Wenn man aber jetzt von einem Gesamtgrundstück von 15.000 Quadratmetern mit 90 Meter Strand ausgeht, ergeben sich plötzlich ganz andere Überlegungen.

Das Grundstück unseres Kondominiums in Bavaro hat 80 m Strand, kaum Tiefe nach hinten und ist insgesamt nur ca. 6500 Quadratmeter groß. Da hat man aber acht Häuser mit 32 Wohnungen draufgestellt. Und wenn man jede Wohnung – so wie es in Bavaro der Fall war – für mindestens 200.000 Dollar verkauft hat, so kann man sich leicht ausrechnen, was hier an finanziellen Möglichkeiten und Transaktionen durchgeführt wurde.

Wenn ich mir jetzt in Valle 90 Laufmeter Strand und insgesamt 15.000 Quadratmeter Grund und Boden vorstelle, so ergeben sich auch dort ganz andere Möglichkeiten.

Wir haben in Hamburg einen guten Bekannten, er ist freischaffender Architekt. Seine Frau kommt auch aus Südamerika und dadurch haben wir seit vielen Jahren einen guten Draht zueinander.

Ich erklärte ihm kurz meine Überlegungen und bat ihn, mal einfach die Sache durchzuspielen, was man mit 15.000 Quadratmetern alles machen könnte.

Drei Wochen später hatte ich einen ersten Entwurf für einen Gebäudekomplex am Strand mit insgesamt ca. 70 Wohnungen, wunderschön verteilt auf verschiedene Häuser mit allem drum und dran.

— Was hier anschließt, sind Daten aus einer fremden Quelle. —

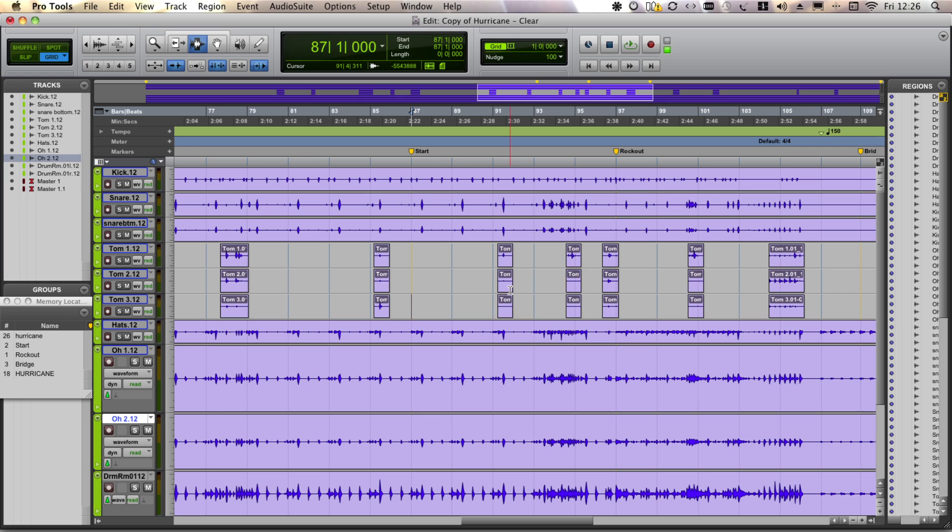So I'm in Pro Tools, I have got a multi-track and I've stripped out everything except the drums, and I'm just going to play a little bit of the drums back.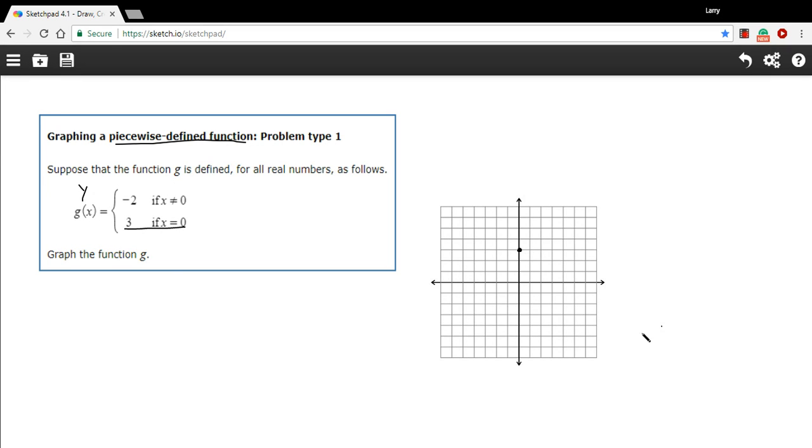Now, what about this part? The function or y is negative 2 if x doesn't equal 0. That means every other x value on this graph, you're going to have the y value be negative 2.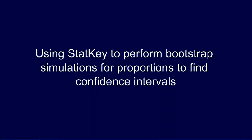Now let's look into the details of how you actually go about performing a bootstrap simulation for a proportion in order to find your confidence intervals. And to do this we're going to use StatKey.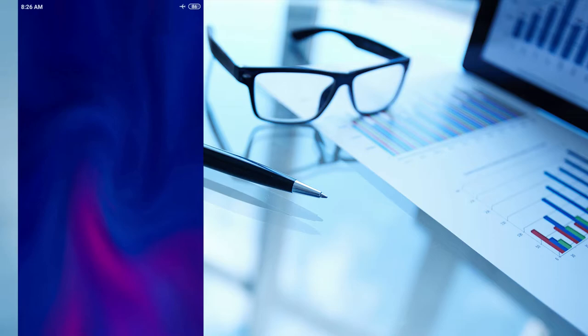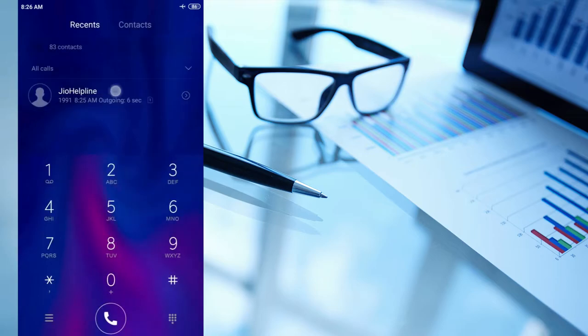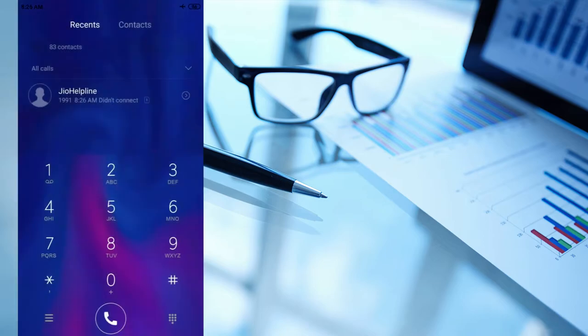Now go to dial pad and type *#*#4636#*#* and you will be automatically redirected to another tab.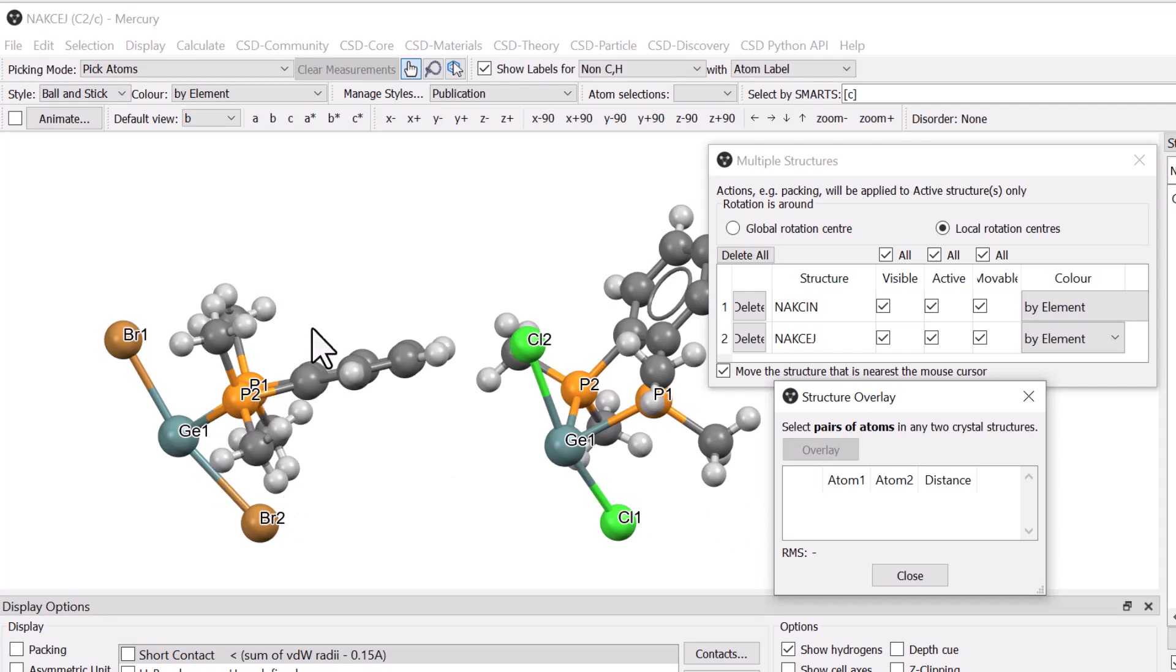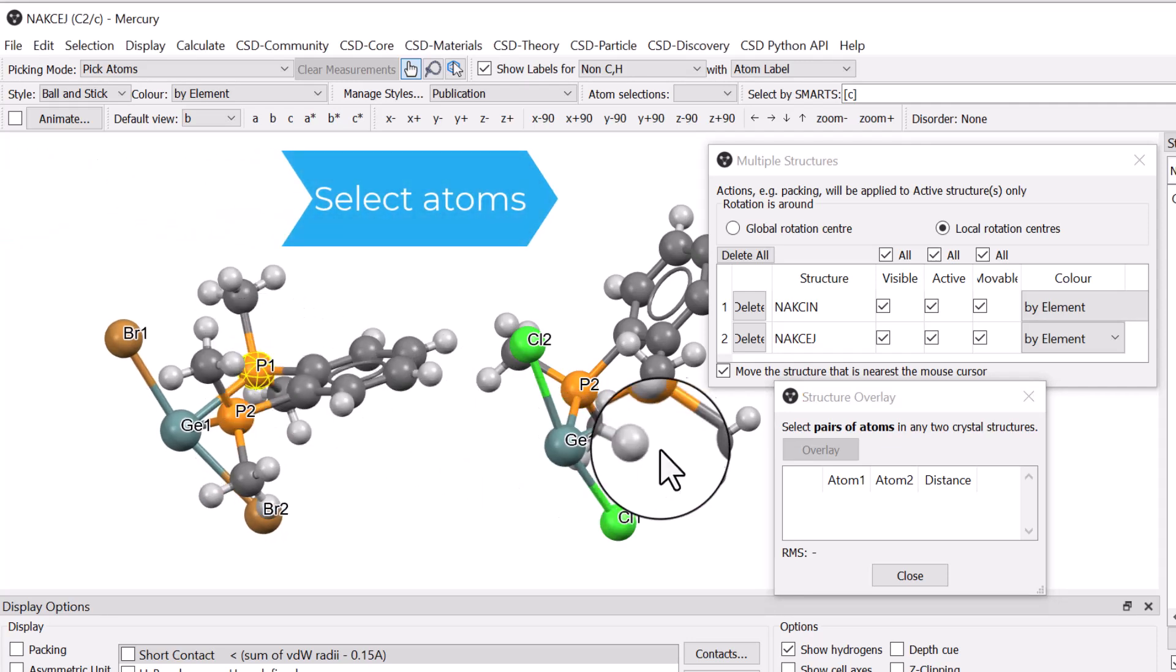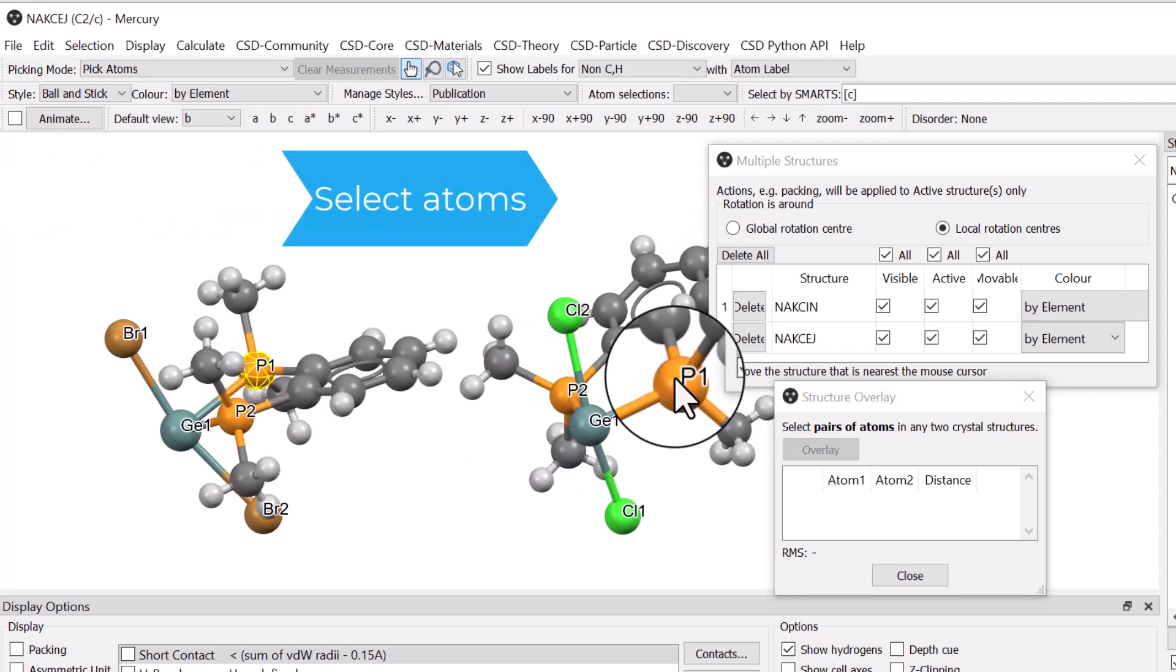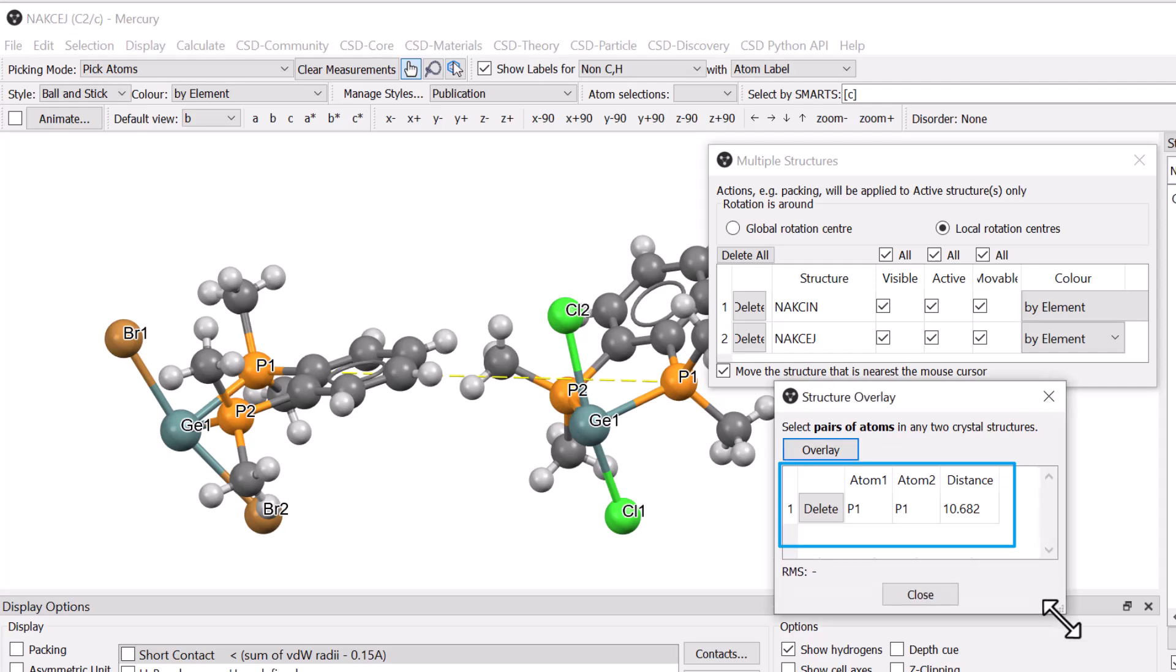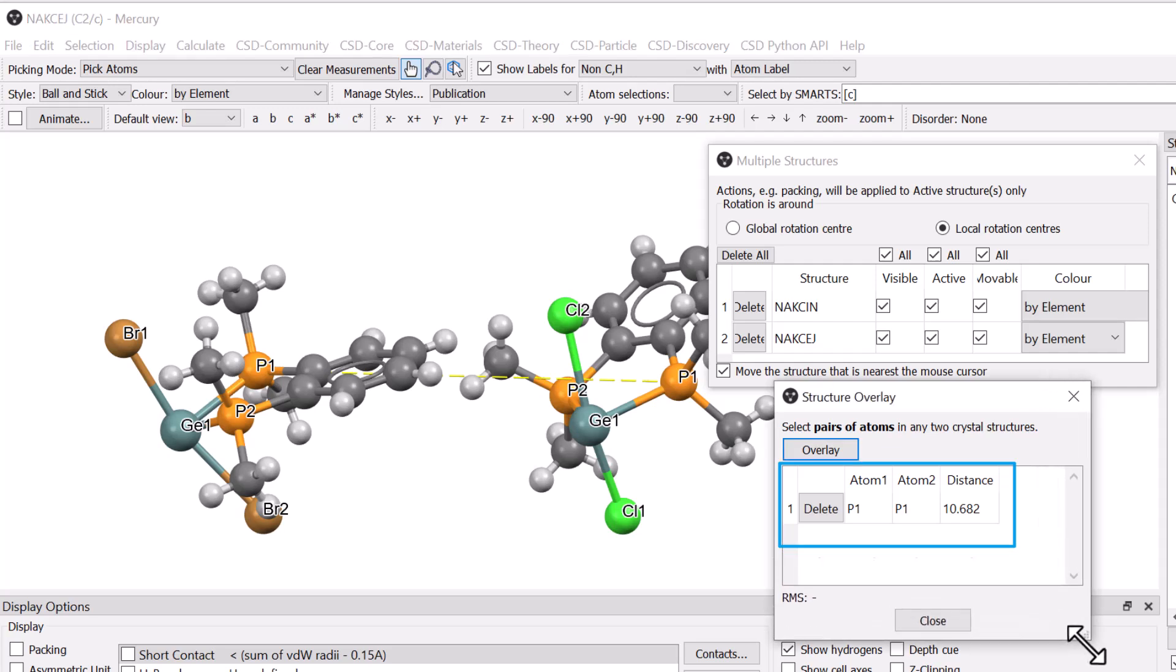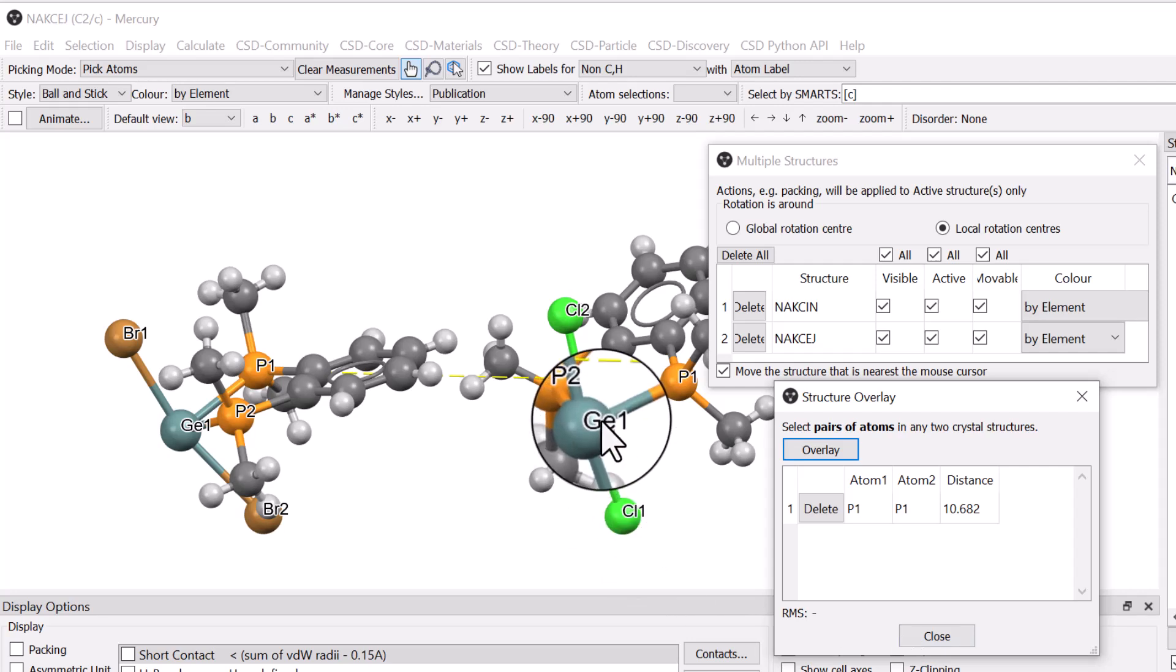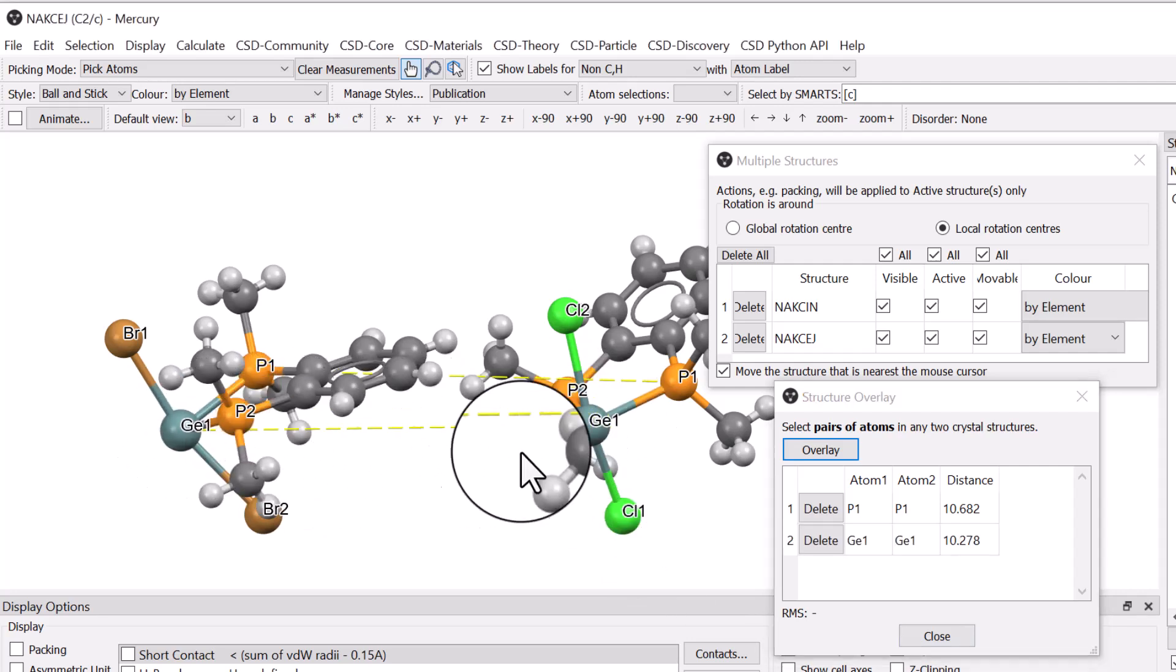Clicking on atoms P1 in NAKCIN and P1 in NAKCEJ adds them to the Structure Overlay window and reports the current separation corresponding to the length of the yellow dotted line. We can do the same for the GE1 and P2 pairs of atoms.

Eine erste Überschlagsrechnung ergab, dass man hier mit Sicherheit sehr viel Geld verdienen könnte.

Wir selber sind zwar finanziell unabhängig, aber mit Sicherheit nicht in der Lage, uns irgendwie vorzustellen, dass wir ein solches Kondominium bauen könnten.

Auf der anderen Seite wäre es uns möglich gewesen, diese zusätzlichen 5000 Quadratmeter noch zu kaufen und dann hätten wir zumindest Grund und Boden, um diesen dann entweder zusammen mit einem Investor zu bebauen oder zu verkaufen oder was auch immer.

Auf alle Fälle war plötzlich die Sicht der Dinge so, dass man mit 15.000 Quadratmetern wesentlich mehr anfangen kann als mit den 10.000 Quadratmetern, die wir inzwischen ja bereits gekauft und bezahlt hatten.

Aufgrund dieser ganzen Überlegung beauftragten wir dann Elena, sich auch die Unterlagen für dieses 5000 Quadratmeter Grundstück genau durchzulesen und uns zu berichten.

Kapitel 8

Zwei Grundstücke

Einige Zeit später teilte uns Elena mit, dass sie alles genau geprüft hätte und auch hier sei die Ausgangslage okay – und sie könne einen Kauf von der rechtlichen Seite her befürworten.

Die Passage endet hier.